In contrast, the second United Front with the KMT and the full-scale war with Japan gave the Communists a priceless moment in which to consolidate their new base and then expand their influence. In the succeeding years, the Communists restored and augmented their power and influence with alarming rapidity. By the time of Japan’s surrender, the number of CCP members had increased twentyfold, from 40,000 to 1,211,000, and the armed forces had grown from 30,000 to 910,000 (Domes 1984). Its controlled territory also extended from the sparse region around Yan’an (the Shan-Gan-Ning Border Region) to a dozen consolidated bases scattered throughout north and central China. More importantly, in sharp contrast to the factious KMT, Mao had successfully consolidated his unchallenged authority in the party and had organized the CCP into a political power with impressive solidity and efficacy. His version of Marxist ideology, the Thought of Mao Zedong, was erected as the guiding doctrine of the Chinese Communist movement. In short, after the Sino-Japanese War, the CCP had grown into a major power in China and had acquired the potential to challenge the dominance of the KMT.
Causes of the War
Long before the Japanese surrender, an important goal of U.S. China policy was to prevent the predicted civil war between the KMT and CCP. As early as 1944, the U.S. government was actively engaged in mediation between the two rivals. In a surprise visit to Yan’an in November, Patrick Hurley, President Roosevelt’s personal envoy, signed a joint proposal with Mao for a postwar coalition government. However, Generalissimo Chiang Kai-shek immediately refused this proposal on the grounds that it was impossible to build a coalition government when the Communists had their own armed forces and local authorities.

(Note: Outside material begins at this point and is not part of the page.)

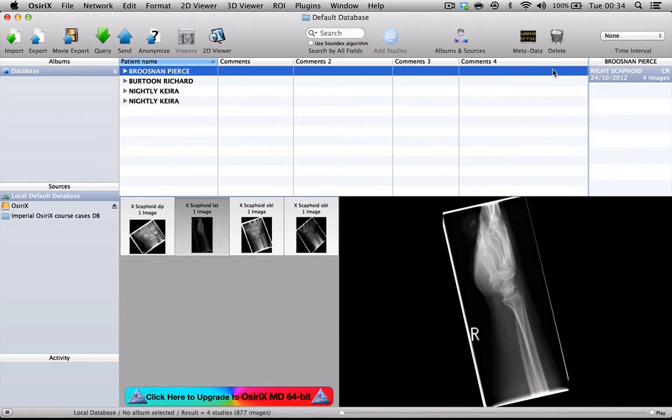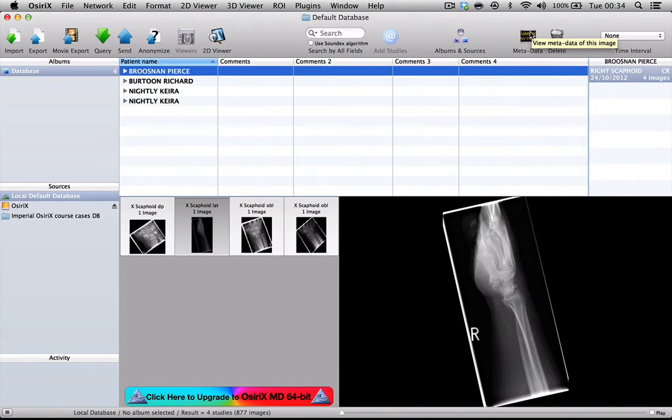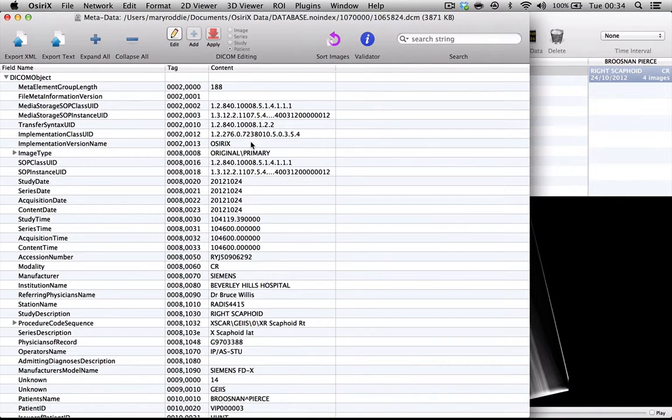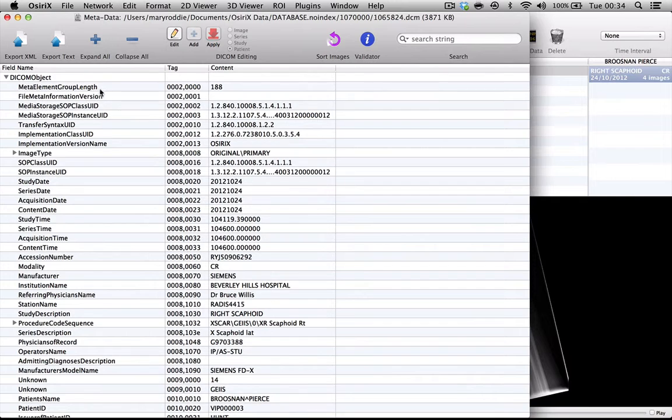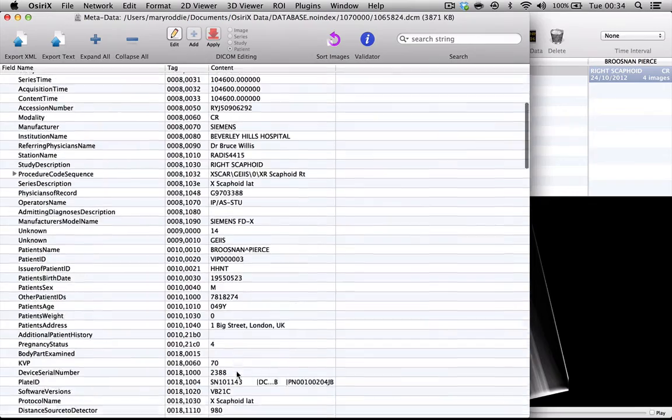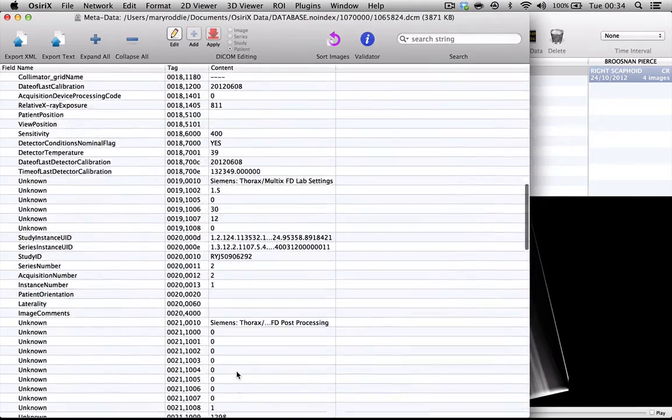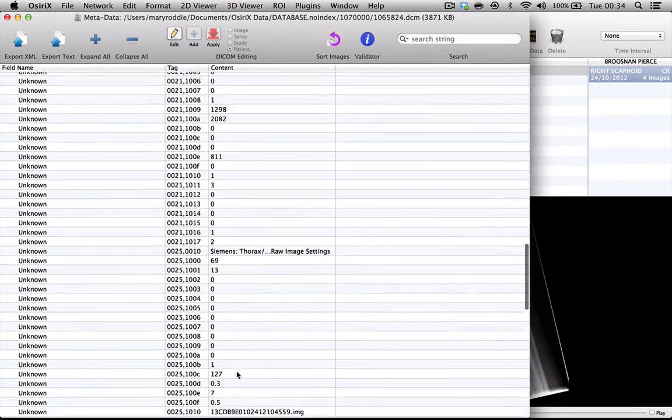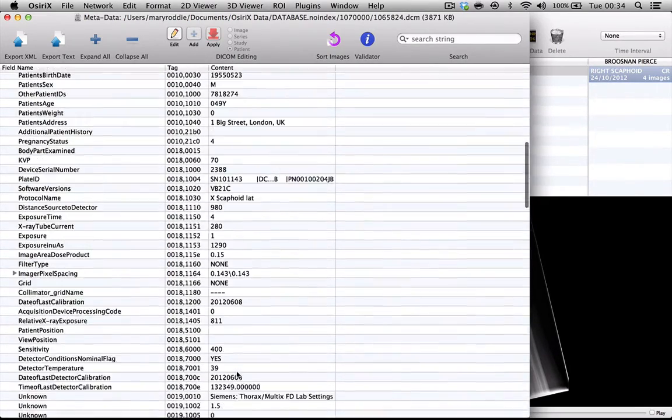If you go into the top toolbar you will see something called 'view metadata of this image' and if you click on that you will see a long list of numerical values with an associated DICOM header name and values in the content column. There are lots and lots of these associated with each patient.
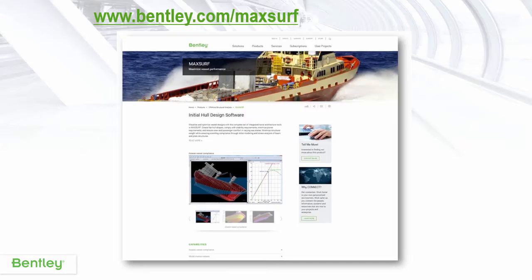To learn more about MaxSurf, go to www.bentley.com/MaxSurf.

In the wake of Japan’s surrender, Hurley, now the American ambassador to China, visited Yan’an again and escorted Mao Zedong to Chongqing for peace negotiations. Under Hurley’s mediation, Mao and Chiang arrived at an agreement on a couple of basic principles, later known as the October 10 Agreement. According to the agreement, the KMT would end its one-party rule, establish a coalition government, and guarantee the basic freedom of the people. In return, the Communists pledged to withdraw from some bases and gradually reduce their armed forces. However, no details about implementing these principles were discussed, nor did they touch on the most immediate topic, takeover following the Japanese surrender— which soon vividly exposed the fragility of the agreement.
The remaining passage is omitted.